Start of AVAILABLE DATA

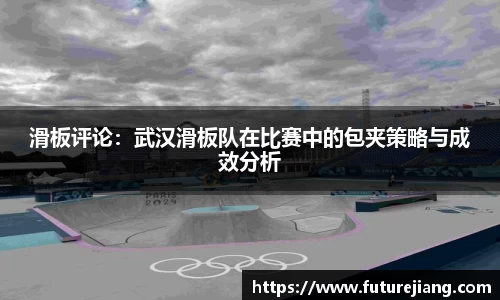 滑板评论：武汉滑板队在比赛中的包夹策略与成效分析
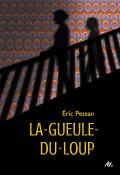 La-gueule-du-loup-Éric Pessan-Livre jeunesse-Roman jeunesse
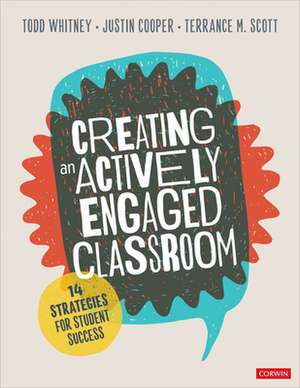 Creating an Actively Engaged Classroom: 14 Strategies for Student Success de Todd Whitney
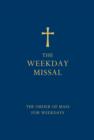 The Weekday Missal (Blue edition) : The New Translation of the Order of Mass for Weekdays - Book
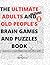THE ULTIMATE BRAIN ADULTS A...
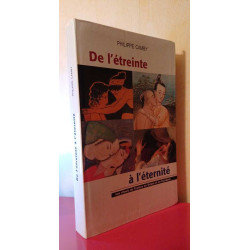De l'Etreinte à l'Eternité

End of AVAILABLE DATA

* **EXERCISE OBJECTIVE**
All lines of the listing must be given again exactly, excluding the pictures.

* **ANSWER TO THE EXERCISE**
 滑板评论：武汉滑板队在比赛中的包夹策略与成效分析
 La-gueule-du-loup-Éric Pessan-Livre jeunesse-Roman jeunesse
 Creating an Actively Engaged Classroom: 14 Strategies for Student Success de Todd Whitney
 The Weekday Missal (Blue edition) : The New Translation of the Order of Mass for Weekdays - Book
THE ULTIMATE BRAIN ADULTS A...
De l'Etreinte à l'Eternité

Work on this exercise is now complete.